# Problems with grandmother-in-law please help



## julnie12 (Sep 29, 2013)

I'm having some problems with my mother-in-law and don't know how to approach or resolve these issues. My husband and I had our first child, a boy, almost a year ago. Ever since he has been born my mother in law has crossed boundaries countless times and I just bite my tongue so we all get along and I'm to the point where I can't do it anymore.

From the time he's been born she behaves as if she is the mother figure and always knows what is best. She not only gave constant advice when it was not necessarily wanted, but enforced these things when she would visit even when I didn't want her to. She would let him cry it out when I didn't believe in that, when I would want to breastfeed she would say "but it's not time" and try to prevent me from doing it. She tried to talk me into stopping breastfeeding at 7 months because my back went out and "I might need surgery". It was clear that I was going to get better and didn't need surgery. It's as if she's jealous of the bond I have with my son and she tries to prevent me from doing it while I'm there. There are countless other examples like not letting me hold or interact with him, passing him to others when he's crying out for mama, making sure she and my son are the center of attention at get togethers. The last straw was when we were at the fair and she asked to hold him and when she started walking away with him she said "you're too attached to your mom". Whenever I do get to hold him she walks right beside me, uncomfortably close, sticking her neck out and baby talking to my son. I can't take her controlling behavior anymore. I don't understand where her possessiveness is coming from. We live about an hour south of her but I come visit at least once a week, and I've let her have free reign when I visit because I want my son to be close with his grandmother but she's making me not want to even visit anymore. And just to make it clear, I feel I'm a pretty normal mother. I'm close with my son but I love him more than anything, and I don't feel it's in an abnormal way. This whole situation and the things she has said are making me second guess everything and feel insecure. I can't take it anymore and I would love advice on how to deal with this situation. Thanks.


----------



## Anon Pink (Jan 17, 2013)

Ugh, this was how my own mother was! But, since I was her daughter, I very easily told her to back the F off! I held my baby too much, I nursed her too long and too frequently, I never let her cry it out... ARGH! Even had arguments about car seats, my baby is now 27, my mother felt they were horrible!

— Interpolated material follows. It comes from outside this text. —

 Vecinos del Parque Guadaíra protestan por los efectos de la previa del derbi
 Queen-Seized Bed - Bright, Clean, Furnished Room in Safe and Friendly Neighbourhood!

You MUST assert yourself or this will only get so much worse.

You have to assure her how invaluable her support is, how lucky your son is to have such a doting grandmother...bla bla bla... Then you tell her it's very important she respect your choices and decisions as the mother of the child. Admit that there may be times when, like all new parents, you may go overboard in caring and loving your son, but those remain your choices. Then you tell her going forward, you expect her to back off with undermining comments designed to make you feel like she is second guessing your parenting skills.

Furthermore, I suggest you do this with your husband and her husband, if she's married, present. Then when you leave and she bad mouths you, her husband can calm her down and your husband can also act as buffer for when she tries to insinuate she's been cut out of her own grandson's life! Oh yeah, had that happen too!

Get your husband on board first. Agree what to say, then make plans to have the talk. This will get worse and worse as your son gets older.


----------



## Sbrown (Jul 29, 2012)

I'll never understand this ongoing "keep the peace" mentality. It's not starting war by demanding respect! Had my mother or mil had said that to my son about me and my wife, I would have flipped!!!! My mom used to think she knew it all about parenting (she was NOT a good mother IMO) I made the comment "just because your four kids survived doesn't make you the parenting expert" she now keeps her opinion to herself. 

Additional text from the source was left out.